Retrospective study of cytologic features of well-differentiated hepatocellular carcinoma in dogs.
ABSTRACT Cytologic diagnosis of hepatocellular carcinoma is possible when hepatocytes have prominent criteria of malignancy, but is problematic when hepatocytes have a relatively normal morphologic appearance.
The aim of this study was to determine the cytologic features of histologically confirmed well-differentiated hepatocellular carcinomas (WD-HCC) in dogs to develop reasonable criteria for an accurate diagnosis when obvious criteria of malignancy in hepatocytes are lacking.
Slides of ultrasound-guided fine-needle aspirates of 15 histologically confirmed WD-HCC in dogs were evaluated retrospectively using a scoring system (0-3) established for 33 cytologic features. For comparison, 15 cytologic samples of non-nodular non-neoplastic liver were evaluated using the same criteria. Statistical analysis included multiple hypothesis testing using the Benjamini-Hochberg method or false discovery rate control to correct for multiple comparisons.

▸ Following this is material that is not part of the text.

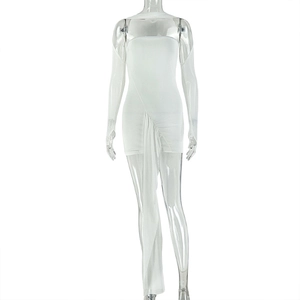Detail of white off-shoulder bodycon mini dress with elegant long side drape detail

The most significant and useful cytologic features in the diagnosis of canine WD-HCC were dissociation of hepatocytes, acinar or palisading arrangements of neoplastic cells, and the presence of naked nuclei and capillaries, together with mild anisocytosis, anisokaryosis, multinuclearity, and increased N:C ratios.
Cytologic features of canine WD-HCC were determined. Further studies are warranted to compare these cytologic criteria among WD-HCC, hepatomas, and hyperplastic nodules and to examine co-variance of the 33 cytologic features.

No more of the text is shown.